PROBLEM: Where the records below reach the line containing "Chanel Black Gold", start transcribing, and end with the line containing "Purina Pro Plan", exactly and with nothing else added.
*** DATA LISTING ***
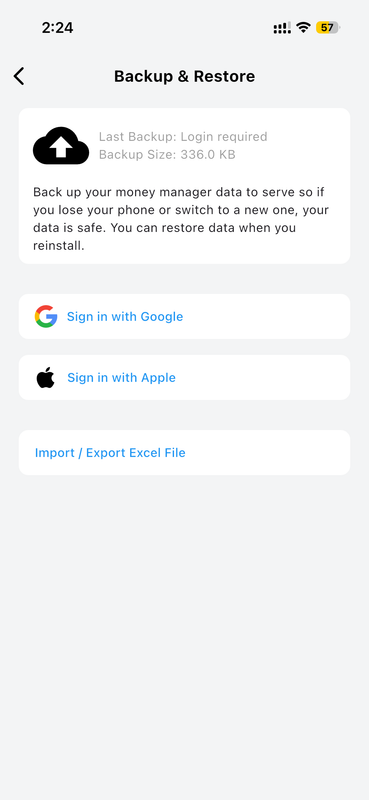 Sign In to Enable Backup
***
*** DATA LISTING ***
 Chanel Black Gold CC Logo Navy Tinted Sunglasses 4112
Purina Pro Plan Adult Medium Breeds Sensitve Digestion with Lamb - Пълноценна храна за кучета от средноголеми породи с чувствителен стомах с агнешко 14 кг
***
*** DATA LISTING ***
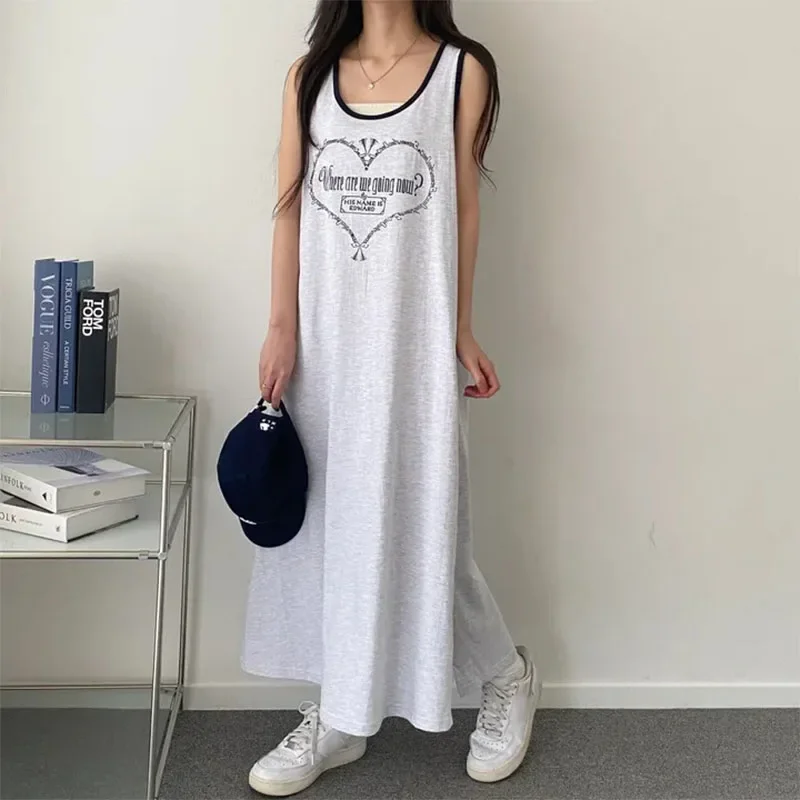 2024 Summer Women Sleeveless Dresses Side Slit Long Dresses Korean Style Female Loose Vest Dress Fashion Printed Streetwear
***
EXPECTED ANSWER:
 Chanel Black Gold CC Logo Navy Tinted Sunglasses 4112
Purina Pro Plan Adult Medium Breeds Sensitve Digestion with Lamb - Пълноценна храна за кучета от средноголеми породи с чувствителен стомах с агнешко 14 кг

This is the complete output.